- Directed by: Anthony Asquith
- Screenplay by: Paul Dehn
- Produced by: Francis Edge
- Starring: David Knight Marie Lohr Josephine Griffin
- Cinematography: Frank North
- Edited by: Anthony Harvey
- Production company: Screen Audiences Ltd.
- Release date: 1955;
- Running time: 37 minutes
- Country: United Kingdom
- Languages: English Italian

= On Such a Night (1955 film) =

On Such a Night is a 1955 British short semi-documentary film directed by Anthony Asquith and starring David Night, Marie Lohr and Josephine Griffin. It was written by Paul Dehn.

The film offers a snapshot of the Glyndebourne opera house in the 1950s, including extracts from Le nozze di Figaro, and a fictional first visit to the opera house by an American. According to British musicologist Rodney Milnes the film was "very discreetly aimed at potential American audiences fascinated by British eccentricities".

==Synopsis==
An American tourist has been persuaded by to visit Alfriston but is bemused by what he witnesses at Victoria Station when people in evening dress join his train. After a confusing journey in a compartment with two men talking about a new countess, he alights at Lewes and is more baffled still when the formally dressed people get on a Southdown bus waiting there. He gets in a taxi and asks the driver to follow the bus. Arriving at the entrance of Glyndebourne, he explains to an upper-class lady he had noticed at Victoria Station, who is with her niece, that he does not have a ticket, at which they ask John Christie who sees that he gets one.

During the performance he watches Sesto Bruscantini sing "Non più andrai" and Sena Jurinac (the "new Countess") sing "Porgi, amor". The end of the second-act finale is shown, with Franco Calabrese, Monica Sinclair, Hugues Cuénod and Ian Wallace, and the very end of the opera. There is also a scene of Carl Ebert rehearsing Jurinac and Rizzieri and of the conductor Vittorio Gui and the administrator Moran Caplat, and the orchestra playing croquet. The film ends with the lady giving the American her ticket for Don Giovanni the following week so that he can come with her niece.

==Cast==
- David Knight as David Cornell
- Marie Lohr as Lady Falconbridge
- Josephine Griffin as Virginia Ridley
- Allan Cuthbertson as 1st gentleman
- Peter Jones as 2nd gentleman

In the opera extracts:
- Sesto Bruscantini as Figaro
- Elena Rizzieri as Susanna
- Ian Wallace as Dr Bartolo
- Monica Sinclair as Marcellina
- Frances Bible as Cherubino
- Franco Calabrese as Count Almaviva
- Hugues Cuénod as Don Basilio
- Sena Jurinac as Countess Almaviva
- Gwyn Griffiths as Antonio
- Jeannette Sinclair as Barbarina
- Daniel McCoshan as Don Curzio

The Royal Philharmonic Orchestra is conducted by Vittorio Gui.

== Production ==
It was filmed at Pinewood Studios and Lewes railway station on 28 May to 12 June 1955, with the operatic excerpts on 6 June 1955.

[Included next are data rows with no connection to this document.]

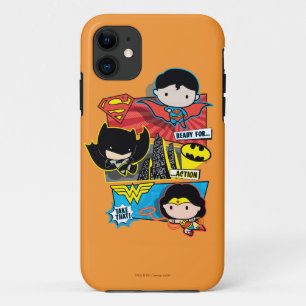 Chibi Heroes bereit zum Handeln! Case-Mate iPhone Hülle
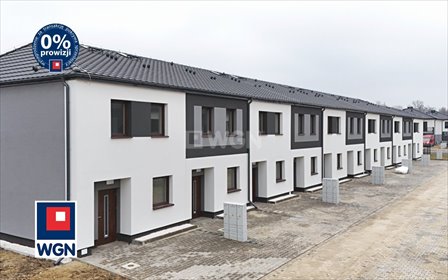 Do sprzedania nowoczesny dom 97,66 m² z ogródkiem w Oleśnicy dom Oleśnica, Oleśnica, Kusocińskiego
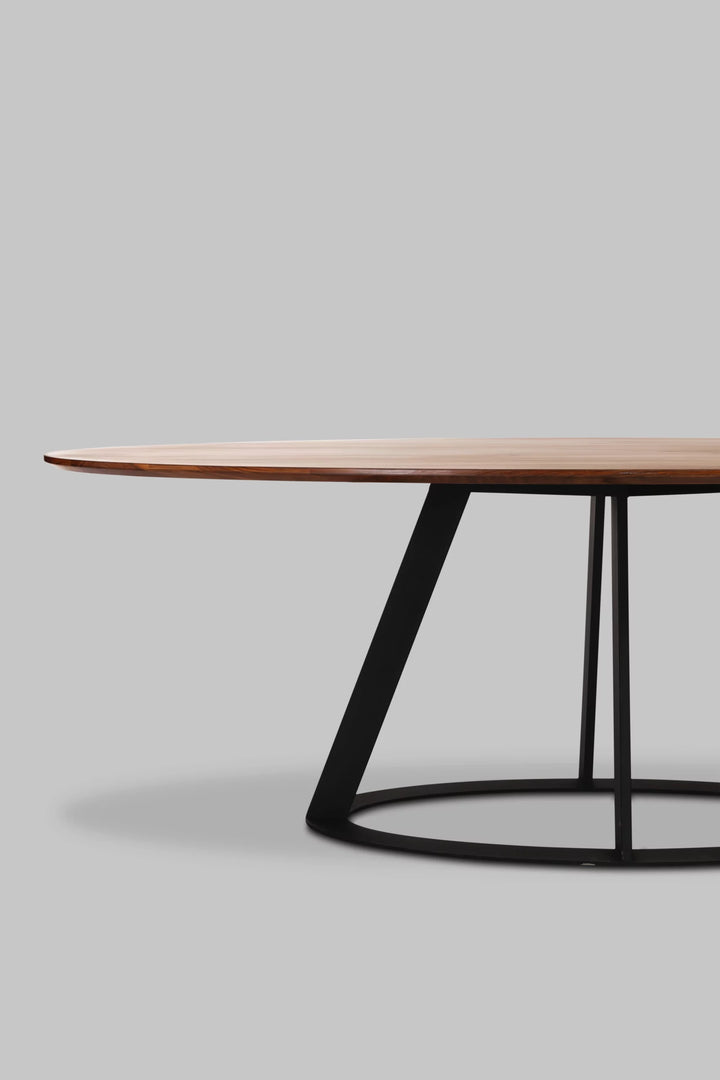 Harvink Fier Ovaal eettafel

The film is shot in Technicolor and Vista Vision.

==Release==
After a private viewing on 25 October 1955, the first public showing was on 24 November at the Gaumont Haymarket cinema, London, on a bill with Simon and Laura (1955).

== Reception ==
The Monthly Film Bulletin wrote: "This is the simple (and rather thin) story framework adopted by Paul Dehn and Anthony Asquith for their affectionate little impression of Glyndebourne. The handling is smooth and pleasant, the opera extracts excellent, the off-stage glimpses quite intriguing, and a scene of Carl Ebert rehearsing two singers is beautifully filmed. David Knight plays the hick American with charm, and On Such a Night as a whole has a quiet, whimsical appeal."

The Daily Film Renter wrote: "Pleasantness is the word for this one – pleasant scenery, pleasant people, and pleasant music. Its impact, while by no means weighty, satisfies and leaves a happy all's-right-with-the-world after-taste. Anthony Asquith directs it effortlessly and genially and with only a few notes of condescension despite its basic motif, namely how a visiting American (David Knight) discovers for himself the true meaning of the British way of life through a visit to Glyndebourne and chance friendship with a dowager and her niece."

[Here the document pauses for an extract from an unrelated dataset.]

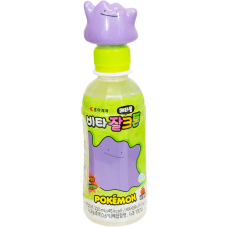 0X-97551 Pokemon Ditto Drink – Apple Flavor 7.44oz (220ml)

In Sight and Sound James Morgan commented that the “affectionate though whimsical tour of Glyndebourne”, “is handled with lightness and tact, and Asquith's facility with this kind of thing carries it smoothly through”. He also remarked on the “charming glimpse of members of the orchestra playing croquet in the interval, with the sound of their musical instruments synchronised to each swipe of the mallet” and the “beautifully sung” excerpts from rehearsal and performance of the opera.

== Home media ==
The film was released on DVD in 2010, using a print from the BFI National Archive.